PYMNTS Intelligence found that there is still a preference for physical, in-store shopping in Brazil. Just 22% of Brazilian consumers complete their purchases entirely online, despite the fact that in-store shopping there has evolved a great deal since 2020 to capitalize on the integration of digital features there. These Click-and-Mortar™ shopping experiences have gone up by 49% in Brazil since 2020, indicating consumers there are utilizing digital features to supplement their brick-and-mortar shopping experiences at a considerable clip.
Yet, PYMNTS Intelligence determined, despite this obvious hunger consumers have for digital features, merchants in the region are still operating in a digital-feature deficit. Thirty-nine percent of the features Brazil’s consumers are clamoring for, merchants simply do not provide.
To illustrate just how open Brazilians are to the technology, consider the following exclusive PYMNTS Intelligence data that wasn’t included in the original edition of our “2024 Global Digital Shopping Index” report.
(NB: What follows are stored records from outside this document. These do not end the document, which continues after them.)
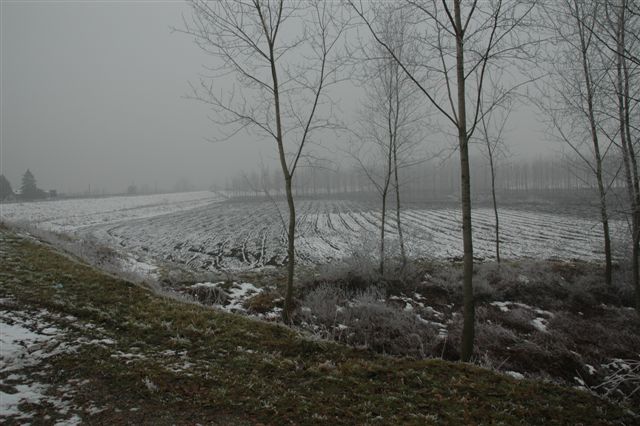 DSC 0060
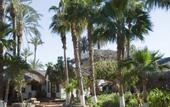 Туры в отель Hotel Oasis
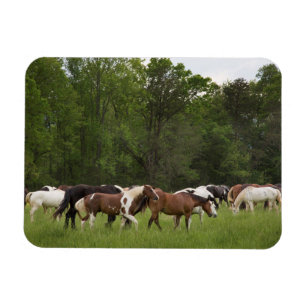 Herd of horses, Tennessee Magnet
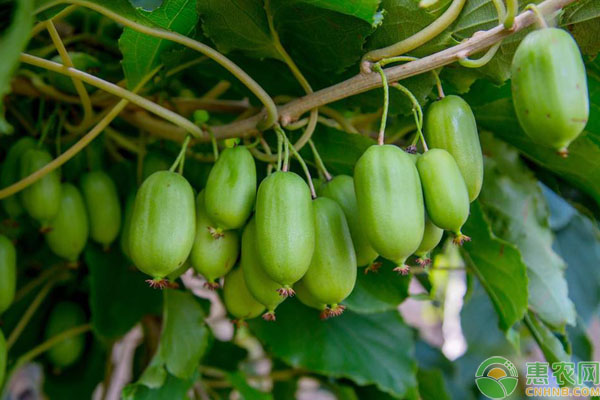 软枣猕猴桃品种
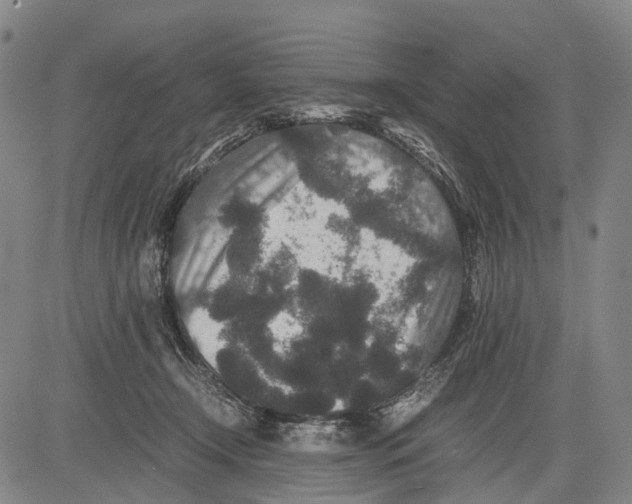 X0000081410366200702021608
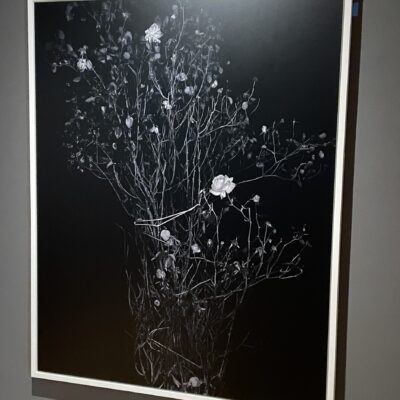 Sarah Jones @FLAG Art Foundation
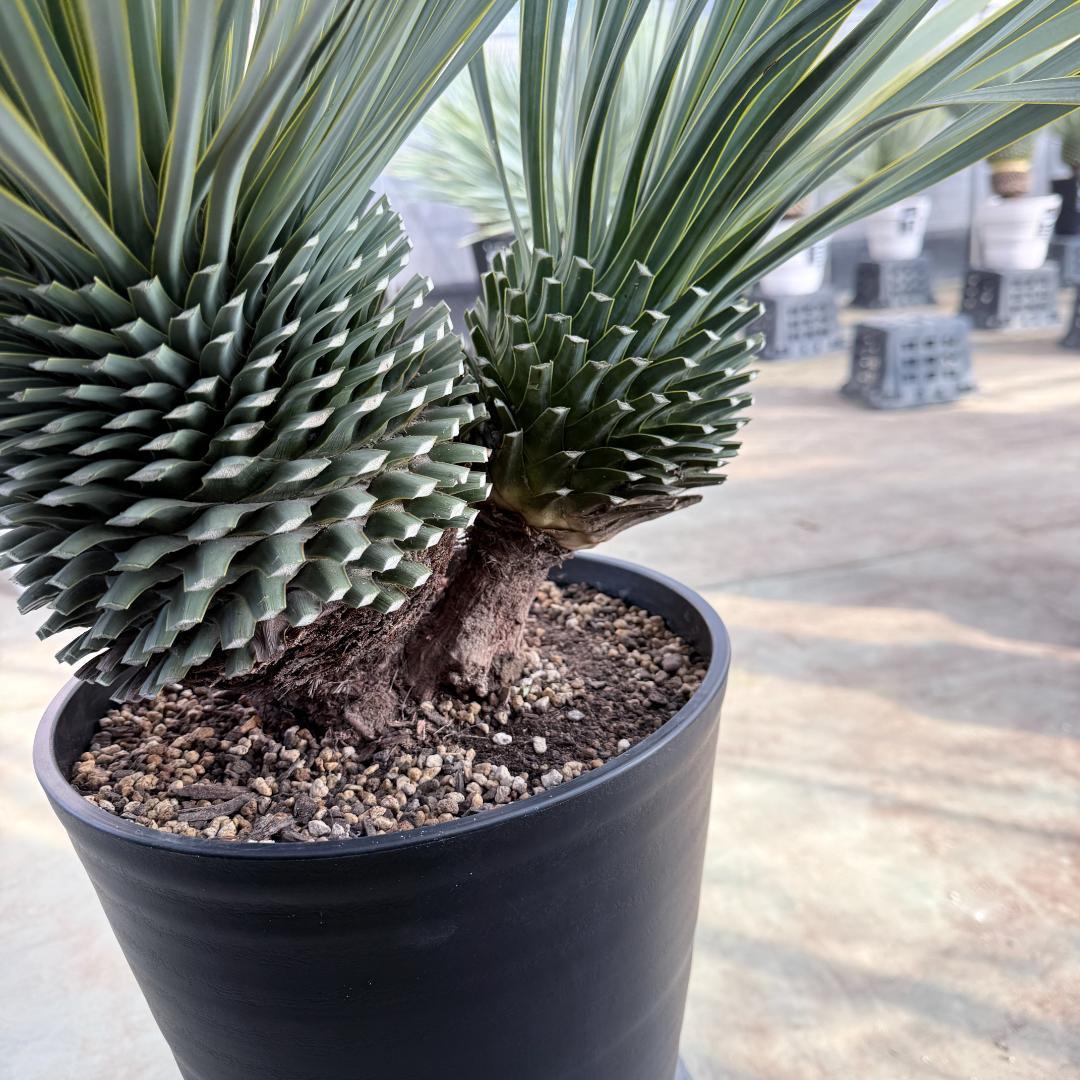 【AL1192】ユッカ　ロストラータ　ダブルベッド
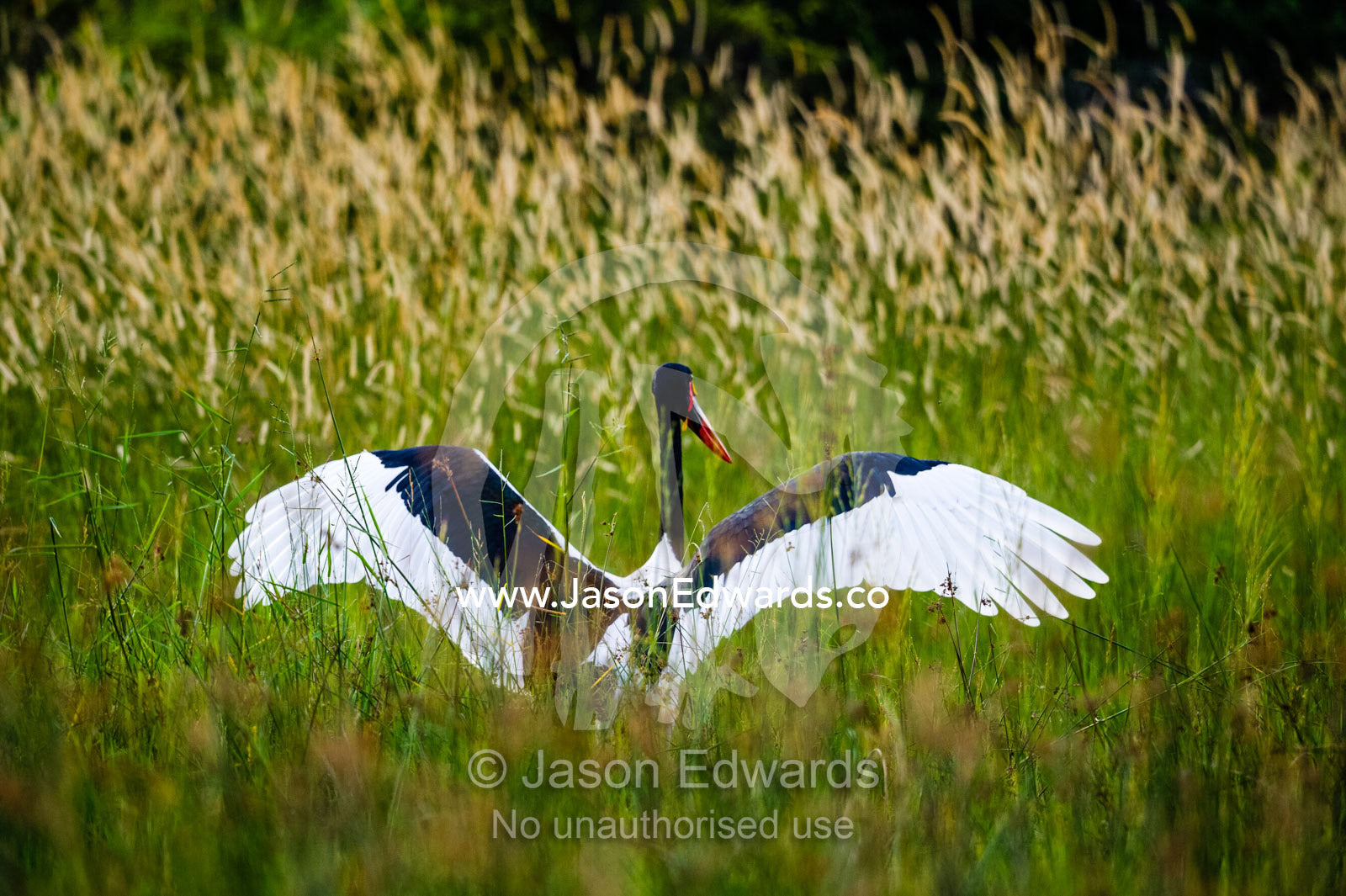 A Saddle-billed Stork stretching it's wings in the reeds on a floodplain. Duba Plains Camp, Ngamiland West, Botswana.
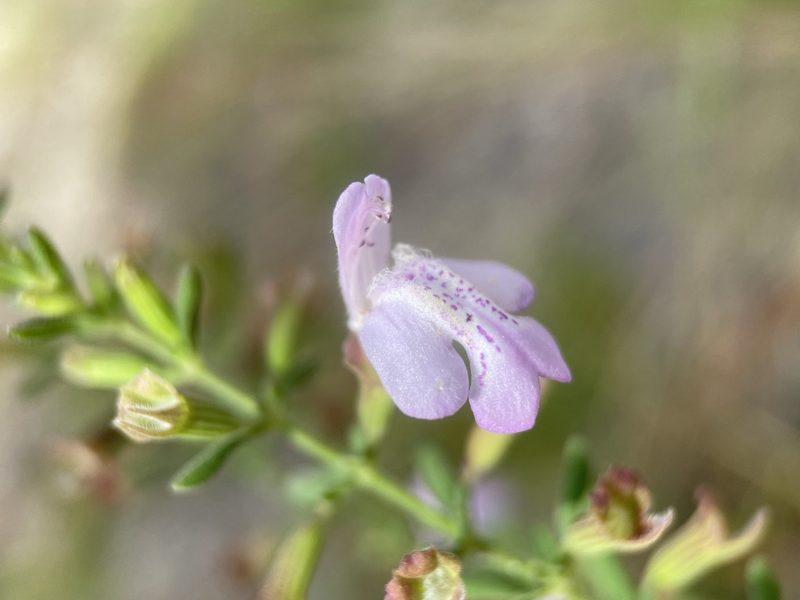 Clinopodium dentatum, photographed by Matt Berger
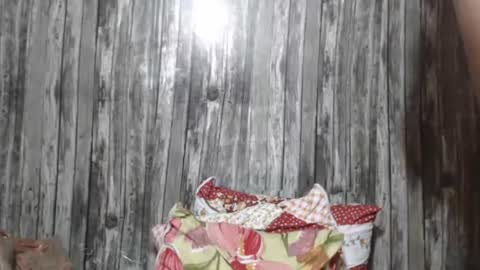 Snapshot of wild_ass_zessa chatting on November 27, 2025, 12:07 pm wild_ass_zessa online show from November 27, 2025, 12:07 pm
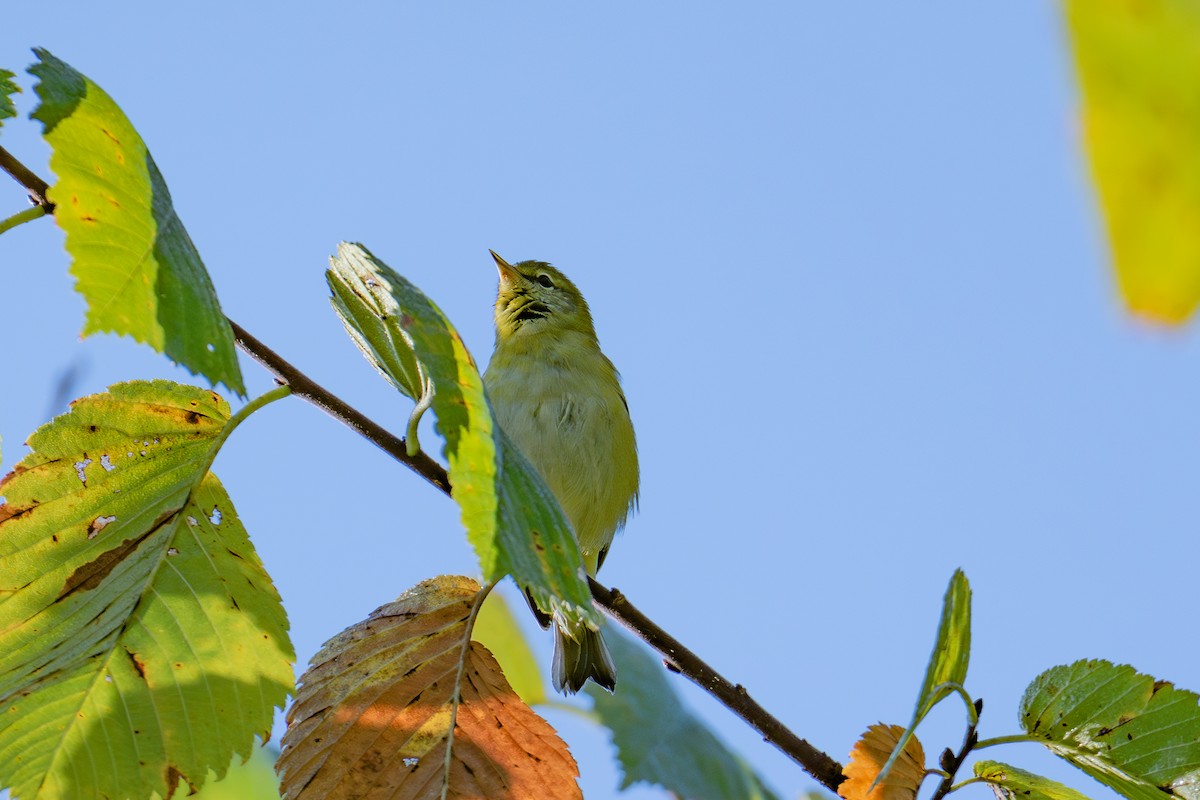 Tennessee Warbler - ML642011731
As the chart below shows, when it comes to embracing peer-to-peer (P2P) payments — where consumers send money directly to others via apps — Brazil is ahead of the curve.
Nearly 82% of consumers in Brazil send money using P2P functionality. Only India, where nine in 10 consumers use P2P technology, surpasses Brazil. (Meanwhile 51% of U.S. consumers use P2P payments and 52% of U.K. residents do the same.)
And what are Brazilians using P2P payments for? Fifty-one percent of them use P2P technology to pay for purchases from individuals, while 24% use the technology to send money to others, and 23% deploy it for gifting purposes. Meanwhile, 20% of U.S. consumers, 17% of U.K. shoppers and 24% of buyers in the United Arab Emirates pay individuals with P2P apps.
The lesson here for Brazilian merchants is to ramp up the technology they offer to ensure they are delivering on the demands of what is clearly a highly sophisticated consumer segment.